Why Is It Hard to Disrupt Healthcare?
Jeff Becker, Principal Analyst, Healthcare, CB Insights, told Quartz, “Haven is yet another cautionary tale to outsiders [who] hope to disrupt the industry that their ambition is likely unrealistic and that solving key industry problems proves to be far more difficult than most anticipate.”
Other experts point to a vague plan, an overly ambitious strategy, difficulty retaining top talent, a lack of visible progress, and the divergence of interests between the three companies as potential reasons for Haven’s demise, Quartz reported.
Did Haven Healthcare Demonstrate Any Innovation?
It is unclear what the collaboration accomplished or what exactly led to its demise, but it does seem that some positive developments were created through the venture.
According to Forbes, Haven Healthcare stated on its now-defunct website, “In the past three years, Haven explored a wide range of healthcare solutions, as well as piloted new ways to make primary care easier to access, insurance benefits simpler to understand and easier to use, and prescription drugs more affordable. Moving forward, Amazon, Berkshire Hathaway, and JPMorgan Chase and Co. will leverage these insights and continue to collaborate informally to design programs tailored to address the specific needs of their own employee populations.”
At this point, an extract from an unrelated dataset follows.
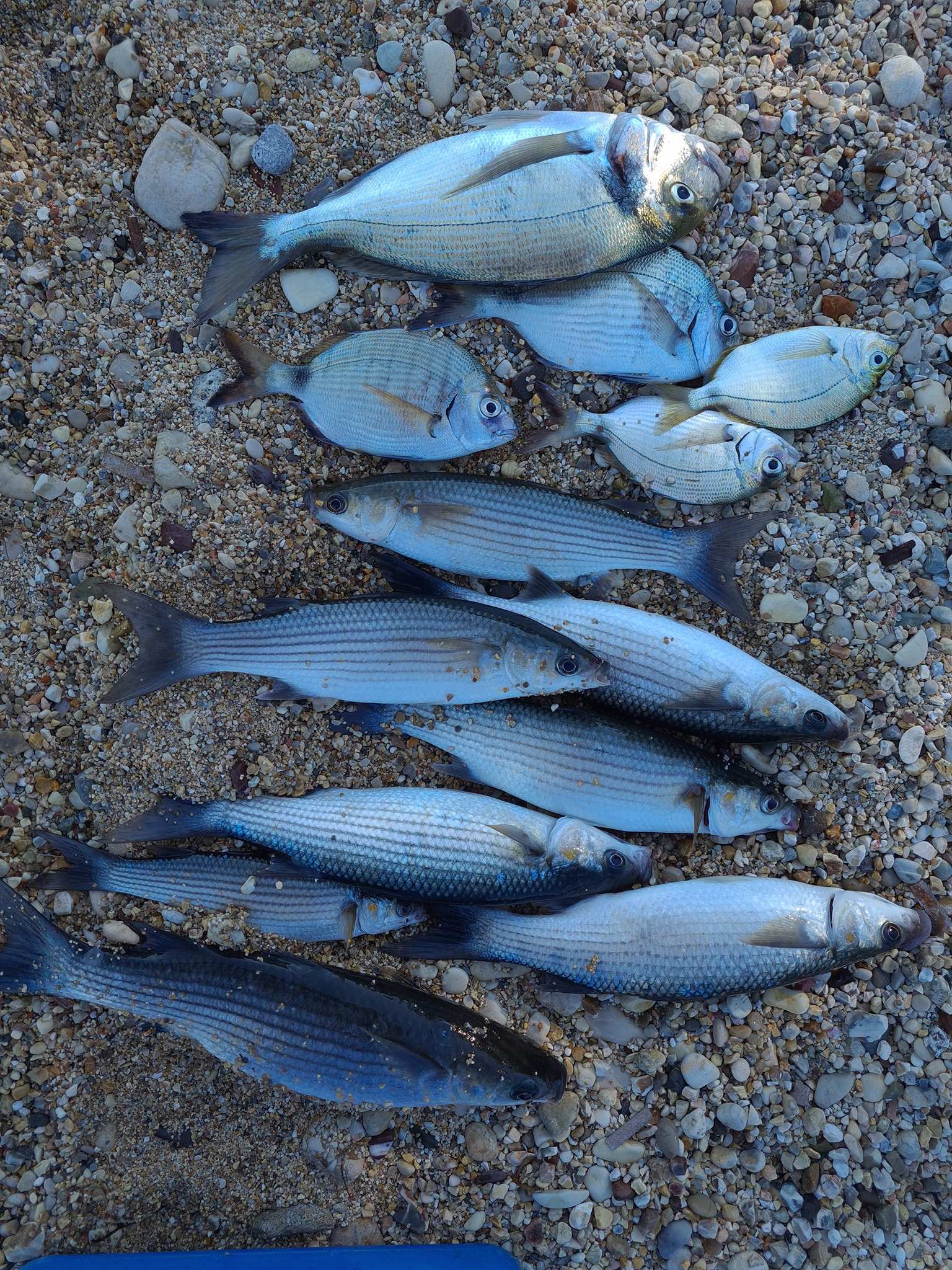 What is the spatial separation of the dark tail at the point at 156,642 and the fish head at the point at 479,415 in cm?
141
At least one of the three partners may have anticipated Haven’s closure and taken proactive steps. In January of 2020, Dark Daily reported that Amazon Care launched a pilot program which offers virtual primary care to its Seattle employees, and features both telehealth and in-home care services, including clinical laboratory testing.
At that time, we noted the similarities with Haven Healthcare.
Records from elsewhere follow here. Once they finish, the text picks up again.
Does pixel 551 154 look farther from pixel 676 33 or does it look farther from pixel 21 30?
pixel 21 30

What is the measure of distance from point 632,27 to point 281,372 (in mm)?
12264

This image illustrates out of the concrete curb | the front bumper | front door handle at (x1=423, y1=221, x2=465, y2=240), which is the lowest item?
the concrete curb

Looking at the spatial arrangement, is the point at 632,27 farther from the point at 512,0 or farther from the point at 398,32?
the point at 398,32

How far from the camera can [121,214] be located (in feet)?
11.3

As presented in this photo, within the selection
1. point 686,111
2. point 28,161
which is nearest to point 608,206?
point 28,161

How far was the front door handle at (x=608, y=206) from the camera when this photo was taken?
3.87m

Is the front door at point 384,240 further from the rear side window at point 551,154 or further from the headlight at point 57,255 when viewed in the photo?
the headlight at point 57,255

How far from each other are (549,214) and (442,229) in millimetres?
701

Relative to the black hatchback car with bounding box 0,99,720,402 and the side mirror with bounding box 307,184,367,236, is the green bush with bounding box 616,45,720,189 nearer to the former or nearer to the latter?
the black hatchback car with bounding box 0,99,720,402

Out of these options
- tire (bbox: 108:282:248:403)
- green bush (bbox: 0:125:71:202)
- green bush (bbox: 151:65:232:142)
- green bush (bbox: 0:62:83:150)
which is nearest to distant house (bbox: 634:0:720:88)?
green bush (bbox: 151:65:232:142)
And in “Amazon Building Labs to Do COVID-19 Testing,” Dark Daily’s sister publication The Dark Report covered how, as a result of the COVID-19 pandemic, Amazon built and now operates multiple clinical laboratories for testing its employees.
Amazon has a history of entering an industry and successfully disrupting it. Its willingness to build lab testing facilities to do its own COVID-19 testing may be the first step in a multi-year strategy to enter the clinical laboratory industry and disrupt it by offering better quality lab testing services at a cheaper price.
Thus, it is likely these medical laboratories will continue to deliver clinical testing even after the pandemic has officially ended and will compete with local independent clinical laboratories.